TASK INSTRUCTIONS:
Below are records with pictures; copy word for word only the lines between the line with "Fluffy brown dog" and the line with "Weide (Salix spec.)", inclusive, and drop the pictures.

STORED DATA:
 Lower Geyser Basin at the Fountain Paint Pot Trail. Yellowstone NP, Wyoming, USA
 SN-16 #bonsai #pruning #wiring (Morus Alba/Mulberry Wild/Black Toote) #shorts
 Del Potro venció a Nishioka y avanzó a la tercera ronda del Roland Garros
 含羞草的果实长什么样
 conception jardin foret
* * *
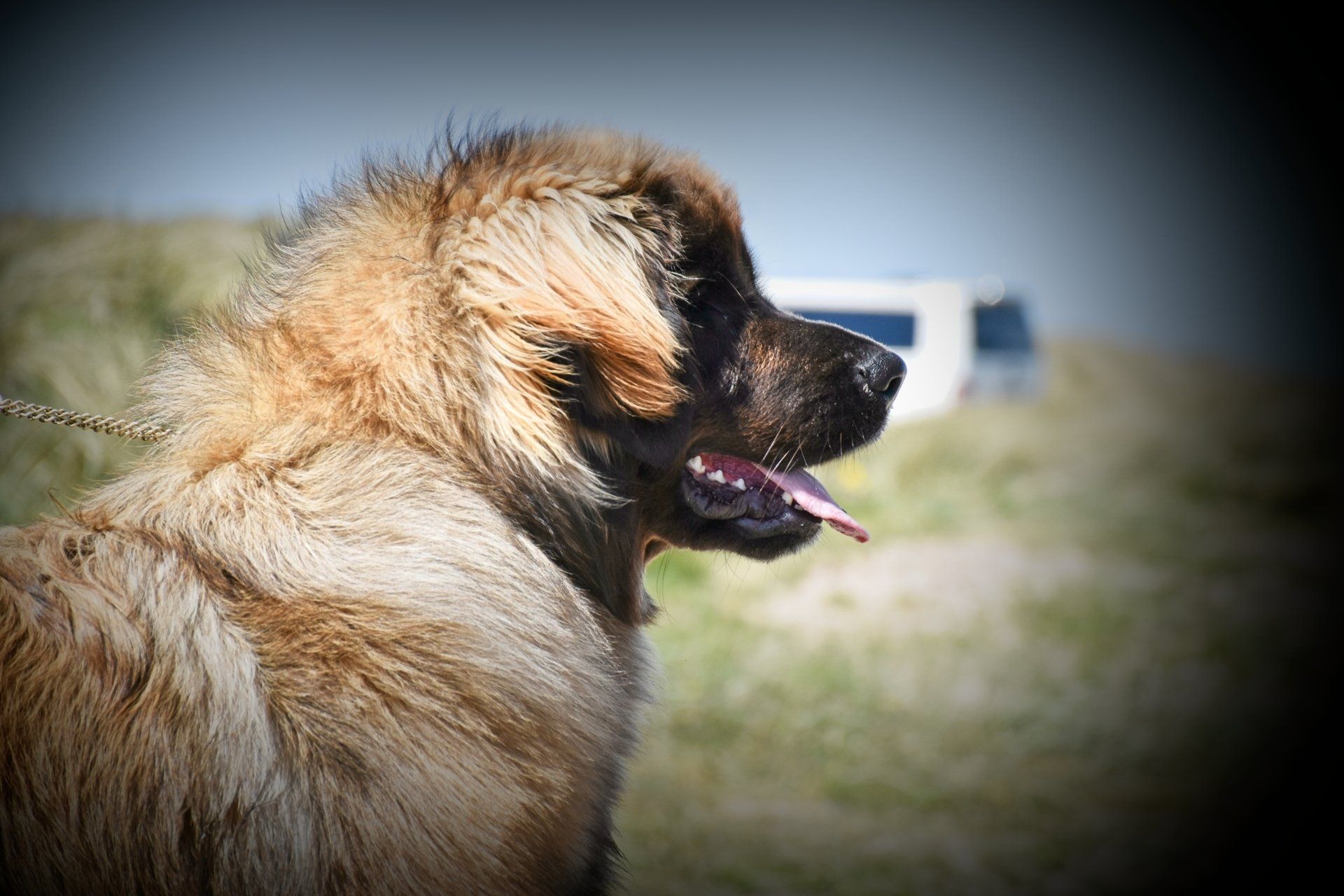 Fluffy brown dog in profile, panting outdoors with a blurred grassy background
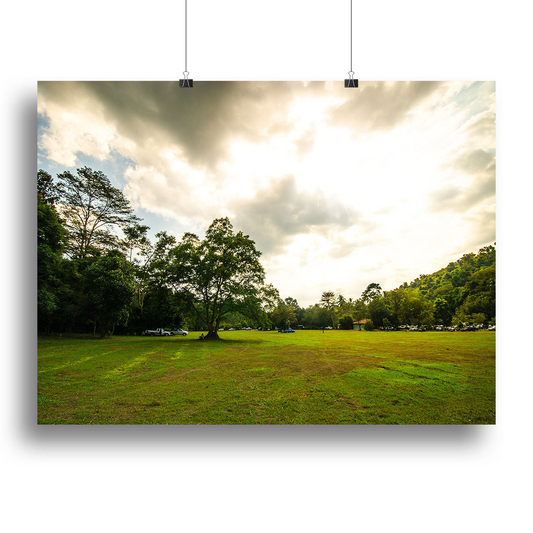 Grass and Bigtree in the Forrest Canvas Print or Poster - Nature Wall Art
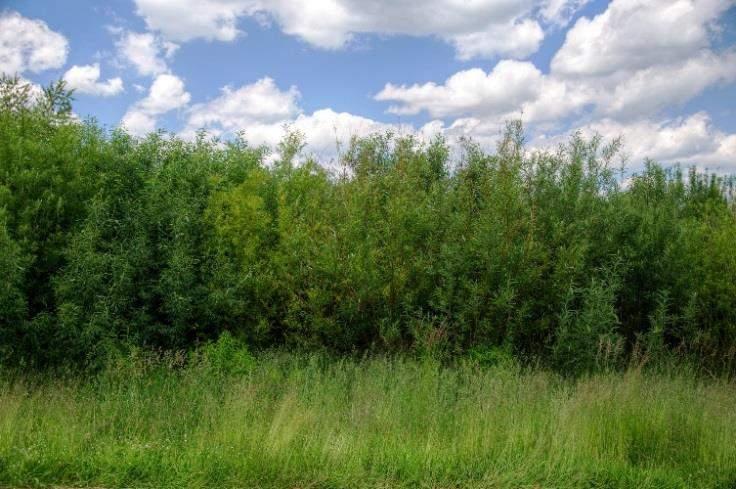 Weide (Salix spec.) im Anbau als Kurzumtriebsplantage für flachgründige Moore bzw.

SOLUTION TO THE EXERCISE:
 Fluffy brown dog in profile, panting outdoors with a blurred grassy background
 Grass and Bigtree in the Forrest Canvas Print or Poster - Nature Wall Art
 Weide (Salix spec.) im Anbau als Kurzumtriebsplantage für flachgründige Moore bzw.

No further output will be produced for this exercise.